The optical unit of the present invention may be embodied in a unit including a mirror other than the fly-eye mirrors 48 and 56 and a temperature adjustment mechanism that adjusts the temperature of the other mirror.
In each embodiment, the exposure apparatus 11 manufactures a reticle or mask used in not only a microdevice such as a semiconductor element but also a light exposure apparatus, an EUV exposure apparatus, an X-ray exposure apparatus, and an electron beam exposure apparatus. Therefore, an exposure apparatus that transfers a circuit pattern from a mother reticle to a glass substrate or a silicon wafer may be used. The exposure apparatus 11 is used for manufacturing a display including a liquid crystal display element (LCD) and the like, and is used for manufacturing an exposure apparatus that transfers a device pattern onto a glass plate, a thin film magnetic head, and the like. It may be an exposure apparatus that transfers to a wafer or the like, and an exposure apparatus that is used to manufacture an image sensor such as a CCD.

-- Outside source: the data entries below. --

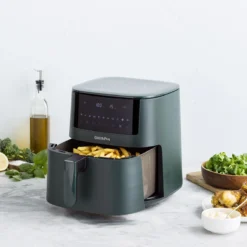Bistro<br> XXL Coloured Air Fryer - Pine Green 13 Bistro<br> XXL Coloured Air Fryer - Pine Green -Chic Kitchen Utensils CC009007 001 Air Fryer Bistro Airfryer 7 2L Pine Green 4 5d61d9e3 9786 423e b527 4ab72449071e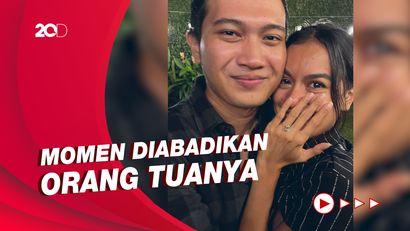 Ekspresi Haru Eva Celia Dilamar Saat Ulang Tahun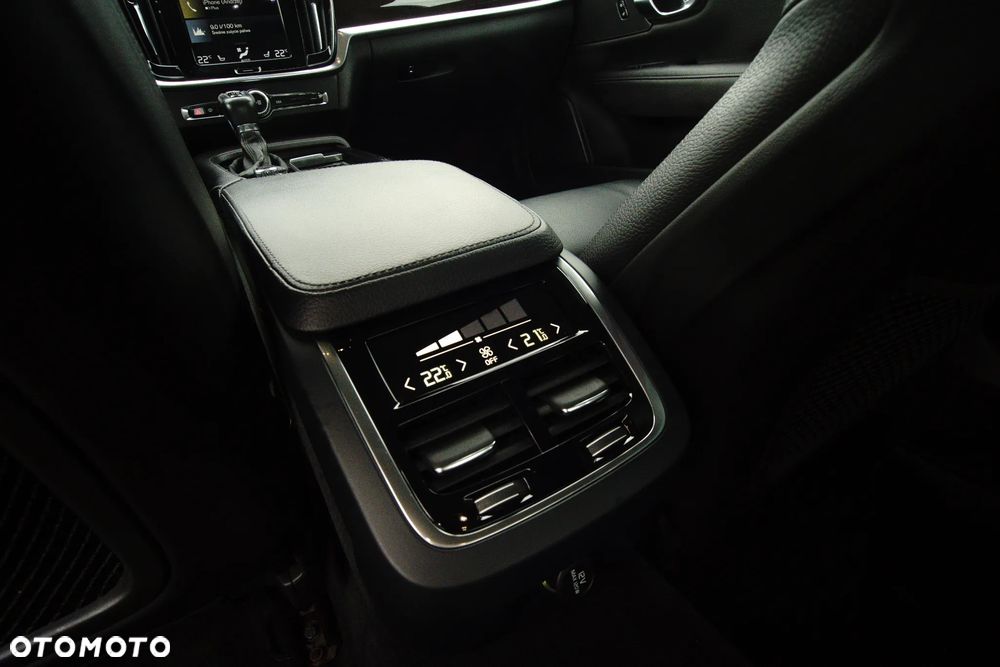 Volvo S90 T5 Momentum - 14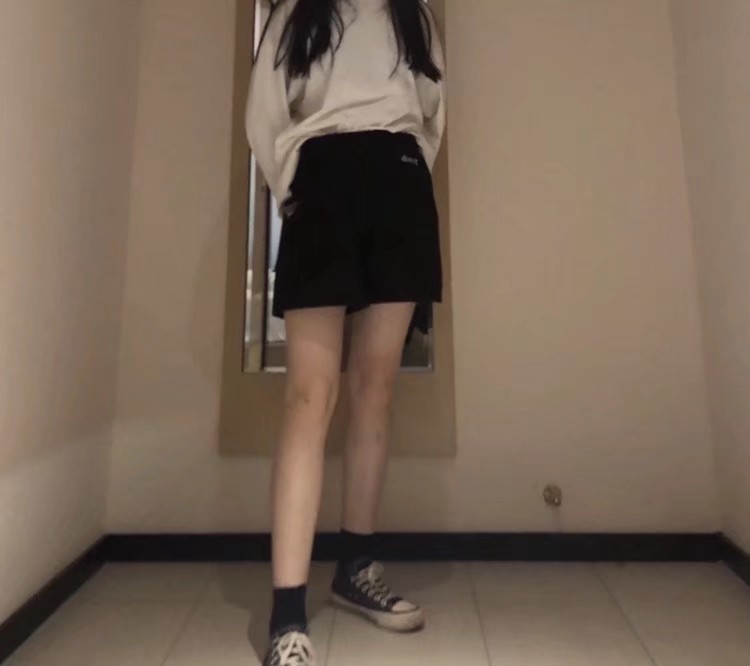 happy-湖北省·孝感市·汉川市-抖音，西瓜视频-本人170cm，51kg。好沟通。擅长拍照录段视频，简单剪辑。可以接寄拍(商家包邮）、送拍服装，探店，当模特。不接内衣。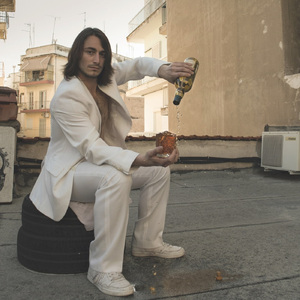 The Girl With The Old Phonebook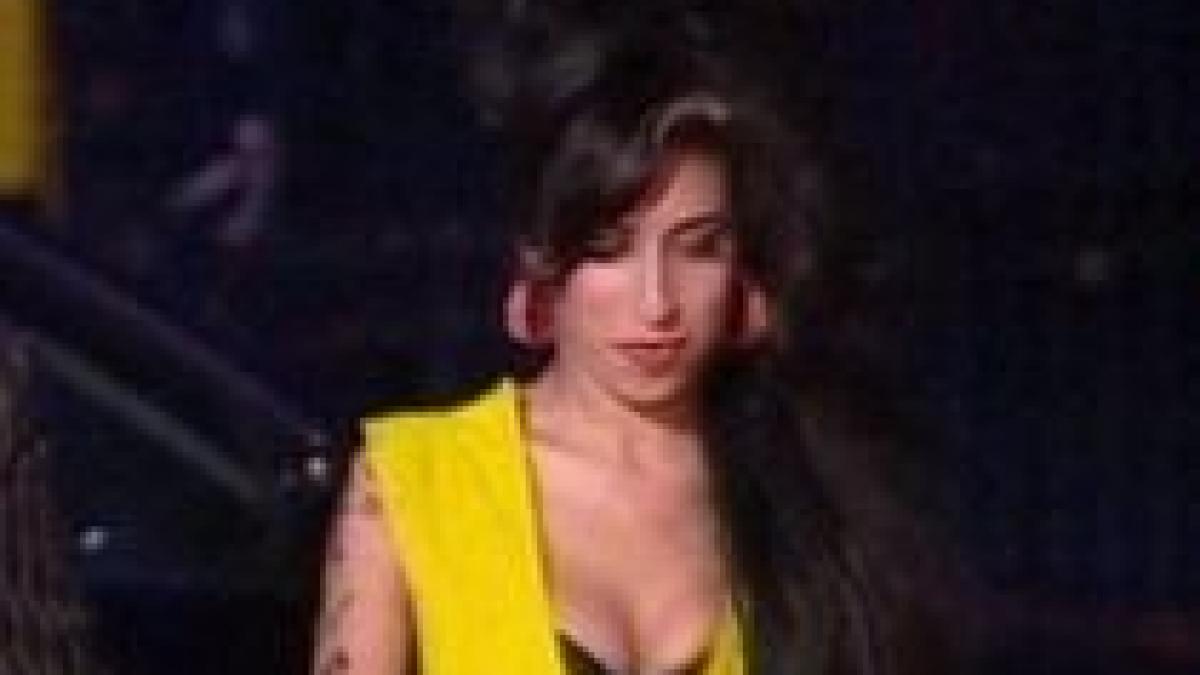 Amy Winehouse, din nou în sala de judecată. Cântăreaţa este acuzată că a lovit un fan cu pumnul în faţă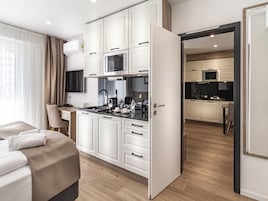 Monolocale familiare | 2 camere, biancheria da letto ipoallergenica, cassaforte in camera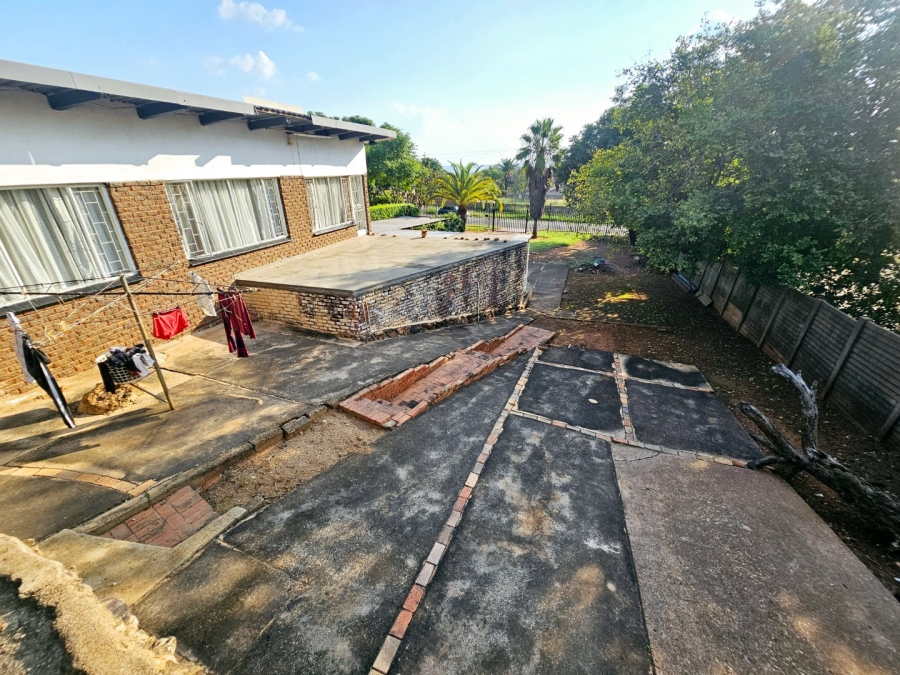 5 Bedroom Property for Sale in Erasmia Gauteng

  In each embodiment, the EUV light generating material used in the light source device 12 may be gaseous tin (Sn), or liquid or solid tin. Xenon (Xe) may be used as the EUV light generating substance.

In each embodiment, the light source device 12 may be a device having a discharge plasma light source.
In each embodiment, the light source device 12 includes, for example, g-line (436 nm), i-line (365 nm), KrF excimer laser (248 nm), F ₂ laser (157 nm), Kr ₂ laser (146 nm), Ar ₂ laser (126 nm) Or the like. The light source device 12 amplifies the infrared or visible single wavelength laser light oscillated from the DFB semiconductor laser or fiber laser, for example, with a fiber amplifier doped with erbium (or both erbium and ytterbium). Alternatively, a light source capable of supplying harmonics converted into ultraviolet light using a nonlinear optical crystal may be used.

In each embodiment, the exposure apparatus 11 may be embodied as a step-and-repeat apparatus.
Next, an embodiment of a microdevice manufacturing method using the device manufacturing method by the exposure apparatus 11 of the embodiment of the present invention in the lithography process will be described. FIG. 13 is a flowchart showing a manufacturing example of a micro device (a semiconductor chip such as an IC or LSI, a liquid crystal panel, a CCD, a thin film magnetic head, a micromachine, or the like).

  First, in step S101 (design step), function / performance design (for example, circuit design of a semiconductor device) of a micro device is performed, and pattern design for realizing the function is performed. Subsequently, in step S102 (mask manufacturing step), a mask (reticle R or the like) on which the designed circuit pattern is formed is manufactured. On the other hand, in step S103 (substrate manufacturing step), a substrate (a wafer W when a silicon material is used) is manufactured using a material such as silicon, glass, or ceramics.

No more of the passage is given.